「あまりの激務で何度も辞めようと思いましたが、上から『いま辞めたら、他のところでも通用しないぞ』と半ば脅しのように言われて……。新卒で入ったので3年は同じ職場を続けないと、次の仕事は見つからないだろうなと我慢していました。最終的に耐えられなくなって辞めたのは、料理長の暴力が原因です。ちょっとしたミスで殴られたり、蹴られたり……。脚を蹴られて医師から打撲と診断されたこともあります」(元社員・Aさん)

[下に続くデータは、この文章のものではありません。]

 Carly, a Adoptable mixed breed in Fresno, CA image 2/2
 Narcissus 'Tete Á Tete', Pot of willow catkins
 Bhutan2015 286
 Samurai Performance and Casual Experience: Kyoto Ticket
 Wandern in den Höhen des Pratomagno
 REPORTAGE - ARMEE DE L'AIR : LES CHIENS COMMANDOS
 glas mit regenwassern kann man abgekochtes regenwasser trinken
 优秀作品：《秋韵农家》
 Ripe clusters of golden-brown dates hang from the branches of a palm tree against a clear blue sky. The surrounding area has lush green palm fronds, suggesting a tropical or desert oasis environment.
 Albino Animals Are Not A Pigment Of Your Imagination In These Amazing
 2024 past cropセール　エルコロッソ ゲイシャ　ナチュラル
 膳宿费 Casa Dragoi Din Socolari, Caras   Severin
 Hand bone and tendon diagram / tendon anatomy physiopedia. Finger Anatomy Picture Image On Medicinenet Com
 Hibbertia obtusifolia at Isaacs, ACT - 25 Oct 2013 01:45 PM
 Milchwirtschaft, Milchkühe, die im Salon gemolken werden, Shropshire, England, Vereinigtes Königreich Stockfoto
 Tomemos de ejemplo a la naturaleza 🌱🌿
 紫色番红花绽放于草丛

働き方改革――。目下、安倍政権の最重要課題である。電通の新入社員だった高橋まつりさん(当時24歳)が2015年に過労自殺したことなどを受け、昨年9月には安倍晋三首相自らが議長に就く「働き方改革実現会議」も発足した。
「国民への見栄えがいい上に、大きな予算を必要としない。このため、安倍首相は労働規制に否定的な財界の反発を押し切って『働き方改革』を進めています。働き方改革担当大臣に就いたのは、財務官僚出身の加藤勝信氏。派手さはありませんが、堅実な仕事ぶりで首相からの信頼も厚い。最近あまり表舞台で注目されていなかった旧労働省は、長時間労働を是正するためのGメン(労働基準監督官)を100人増員要求するなど、すっかり張り切っています」(大手紙政治部デスク)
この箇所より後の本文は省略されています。